Она была очень довольна. Снова пожав мне руку, на прощаний она прибавила:

— Если я всегда буду вашей королевой, я прикажу генералу, чтобы он выдал вам знаки отличия.

Я поклонился ей и удалился, тоже очень счастливый…»

— Ты остался на всю жизнь тем же маленьким мальчиком, Филипп… Только королева часто менялась.

Филипп, сидя под кустом, срывал тоненькие веточки, ломал их между пальцами и отбрасывал в траву.

— Да, — сказал он, — королева часто менялась. А вернее, я никогда еще не встречал королевы… То есть, настоящей королевы… Ты понимаешь?

— Кто была королева, Филипп?

— Несколько женщин, милая. Дениза Обри, немножко… но королева, очень далекая от совершенства… Я тебе говорил, что она умерла, бедная Дениза Обри?

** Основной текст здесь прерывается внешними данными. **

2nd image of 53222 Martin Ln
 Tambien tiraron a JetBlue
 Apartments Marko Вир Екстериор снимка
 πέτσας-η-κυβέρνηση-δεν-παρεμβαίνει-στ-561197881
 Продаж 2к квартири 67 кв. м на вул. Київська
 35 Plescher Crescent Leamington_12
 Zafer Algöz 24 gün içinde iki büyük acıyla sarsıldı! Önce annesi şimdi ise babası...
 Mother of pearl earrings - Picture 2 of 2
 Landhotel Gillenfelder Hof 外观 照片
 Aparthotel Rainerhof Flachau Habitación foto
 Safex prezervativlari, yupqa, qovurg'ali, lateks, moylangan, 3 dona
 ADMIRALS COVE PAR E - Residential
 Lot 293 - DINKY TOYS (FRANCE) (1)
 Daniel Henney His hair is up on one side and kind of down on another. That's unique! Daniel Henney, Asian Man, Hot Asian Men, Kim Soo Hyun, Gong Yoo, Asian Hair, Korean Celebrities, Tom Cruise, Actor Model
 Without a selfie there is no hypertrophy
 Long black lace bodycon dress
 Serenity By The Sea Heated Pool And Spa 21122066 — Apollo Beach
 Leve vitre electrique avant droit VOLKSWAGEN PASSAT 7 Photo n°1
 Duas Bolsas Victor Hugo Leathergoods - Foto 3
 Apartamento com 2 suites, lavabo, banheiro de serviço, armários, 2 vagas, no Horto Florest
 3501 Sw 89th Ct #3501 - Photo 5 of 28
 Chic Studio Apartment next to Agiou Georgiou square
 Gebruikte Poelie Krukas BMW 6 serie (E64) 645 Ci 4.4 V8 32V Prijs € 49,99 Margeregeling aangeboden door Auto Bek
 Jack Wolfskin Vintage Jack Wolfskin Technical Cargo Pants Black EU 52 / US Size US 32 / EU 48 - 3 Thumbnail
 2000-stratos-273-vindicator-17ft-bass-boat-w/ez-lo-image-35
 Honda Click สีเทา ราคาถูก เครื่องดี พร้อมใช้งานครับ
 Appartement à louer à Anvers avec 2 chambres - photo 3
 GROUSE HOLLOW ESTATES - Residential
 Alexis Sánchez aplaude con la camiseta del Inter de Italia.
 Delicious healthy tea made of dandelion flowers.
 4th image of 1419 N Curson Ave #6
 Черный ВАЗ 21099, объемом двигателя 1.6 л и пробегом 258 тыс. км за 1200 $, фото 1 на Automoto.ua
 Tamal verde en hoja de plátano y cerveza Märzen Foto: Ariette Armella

— Нет, Филипп… Ведь она была еще совсем молода?.. Отчего она умерла?

— Не знаю. Это мать сказала мне на днях. Так странно было, что я могу услышать известие о смерти женщины, которая в течение нескольких лет казалась мне центром вселенной, как новость, не имеющую никакого значения.

— А после Денизы Обри кто был королевой?

— Одиль.

— Она ближе всех подходила к тому идеалу королевы, о которой ты мечтал?

— Да, потому что она была прелестна.

— А после Одиль?.. Немножко Елена Тианж?

— Может быть, немножко, но главным образом ты, Изабелла.

— Я тоже? Это правда? И долго?

— Очень долго.

— А потом Соланж?

— Ну да, потом Соланж…

— И Соланж до сих пор еще королева?

— Нет, но, несмотря на все, я не сохранил дурных воспоминаний о Соланж. В ней было что-то удивительно сильное и живое. Я чувствовал себя молодым рядом с ней. Это было приятно.

— Надо снова встретиться с ней, Филипп.

— Да, я встречусь с ней, когда излечусь окончательно; но она уже не будет королевой. Это кончено.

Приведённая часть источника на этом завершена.